If a victim has to associate themselves in events
such as a court case, identifying their perpetrator,
and/or other legal proceedings, the association
may trigger a host of psychological difficulties,
even triggering memories associated with their
original traumatization. If they are forced
to involve themselves with their perpetrators
or associates of their perpetrators, it is important
that the individual is reassured that they are
protected and not to fear their perpetrator.

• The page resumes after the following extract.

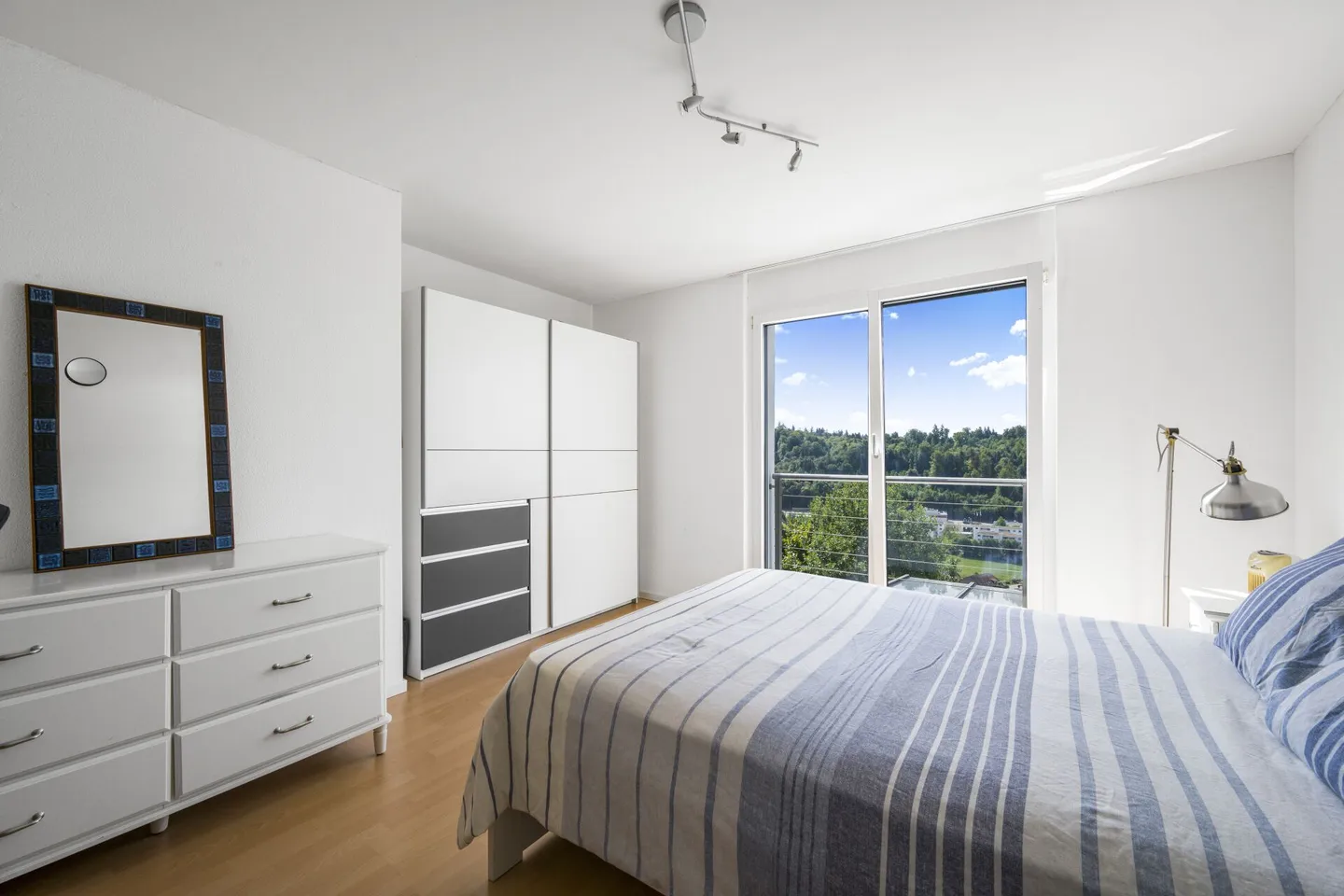 Geräumiges Haus mit atemberaubender Aussicht - Foto 9 von 18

Victims who are forced to face their perpetrators,
it has been shown that they may become drawn
inwardly, even showing signs of dissociation
and depersonalization. Therefore, it is vitally
important that when children are forced to face
their perpetrators that “they” are
capable of feeling secure and reassured of their
safety. It is important to recognize that most
children’s perpetrators are commonly associated
with them (e.g. family, friends, friends of
family, religious leaders, etc.). When working
with younger children, it has been discovered
that play therapy, music therapy, and art therapy
are excellent venues for accessing information
concerning their perpetrators and their personal
victimization. Through such therapeutic orientations,
children may actively relive and act out events
expressing themes associated with the trauma.
Furthermore, not unlike adults, children have
been known to re-experience their victimization
through their dreams; therefore, it may be important
to monitor their dream states as well.
Frequently, victims of trauma who meet the
diagnosable criteria of PTSD may avoid people,
places, activities, or things. In conjunction
with their avoidance of people, places, or things,
they may sterilize themselves from affection
altogether. They may choose to limit the type
of affection, the amount of affection, the individuals
they show affection, and why they show affection.

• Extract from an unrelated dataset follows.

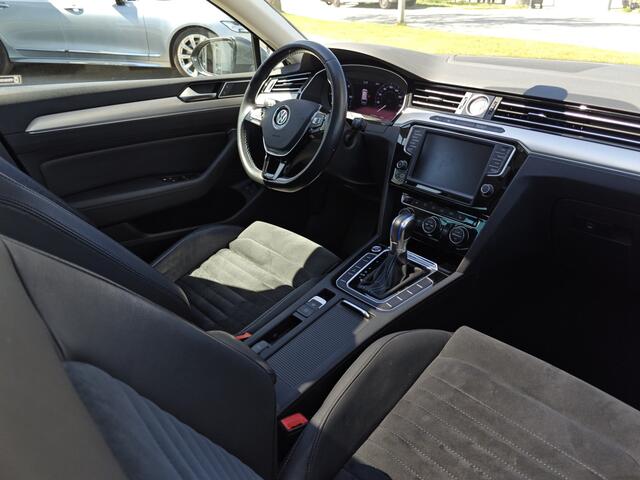 Volkswagen PASSAT Variant 1.4 TSI GTE Connected Series Plus | Rijklaarprijs |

They may have skewed ideological views on why
affection should be shown. They may also limit
or reject affection from others. PTSD victims
may be inclined to view the future as bleak
and without merit.
Children may present with an inability to be
manageable in educational and organizational
confines. They may prove hostile towards peers
and adult figureheads (e.g. teachers, religious
leaders, social leaders). Children may avoid
contact with peers, family, and other significant
role players in their life. Children may begin
avoid aspects of their life that they once loved,
admired, and provided them pleasure.
Diagnosing a child with PTSD may prove more
difficult than an adult. Although children and
adults can prove resilient when addressing trauma
and traumatic events, the difficulty becomes
apparent when diagnosing a child who has not
developed language or verbal skills, or the
cognitive ability to comprehend the discussion.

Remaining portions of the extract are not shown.